REQUIRED WORK: Exclude the pictures and reproduce the remaining data exactly as written.

AVAILABLE DATA:
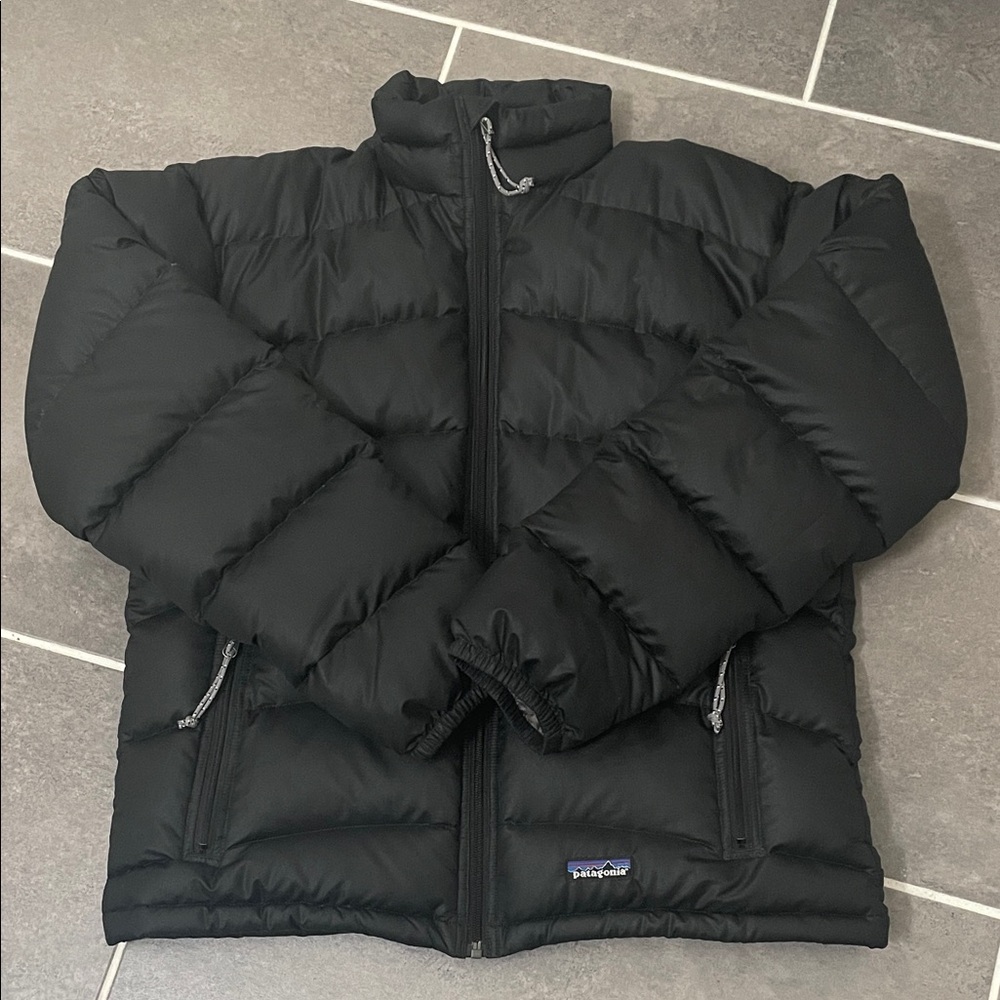 Patagonia Down Puffer Jacket Size Medium - image 2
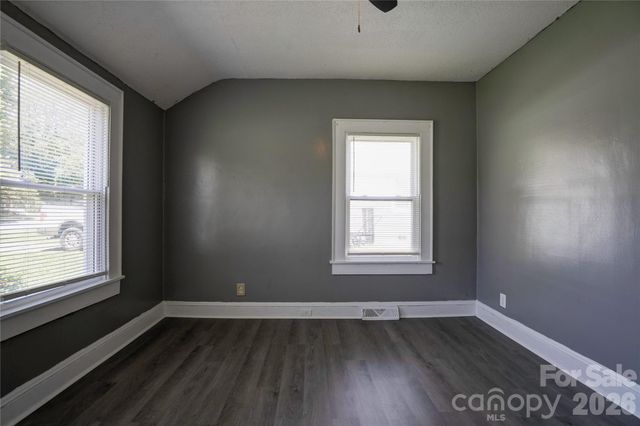 605 Meadowbrook Road, Kings Mountain, NC 28086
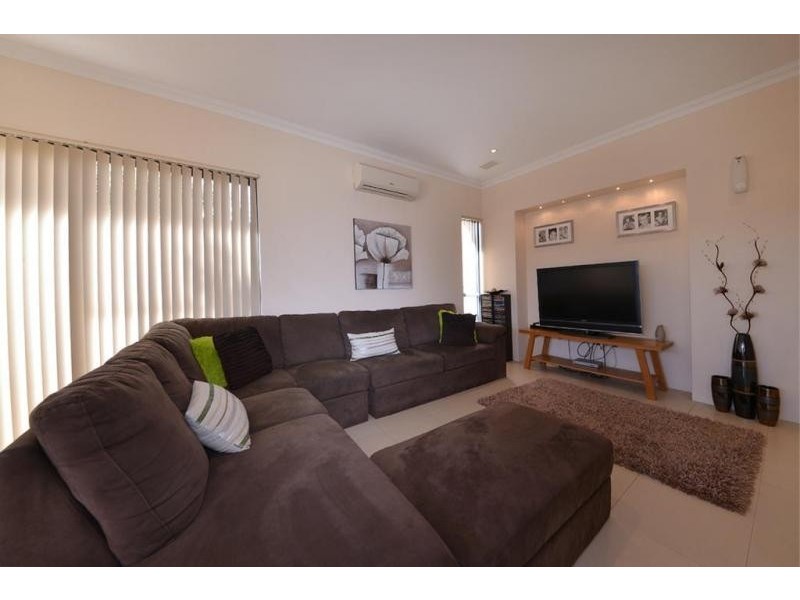 19B Bonvin Gardens, Tapping WA 6065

SOLUTION TO THE PROBLEM:
 Patagonia Down Puffer Jacket Size Medium - image 2
 605 Meadowbrook Road, Kings Mountain, NC 28086
 19B Bonvin Gardens, Tapping WA 6065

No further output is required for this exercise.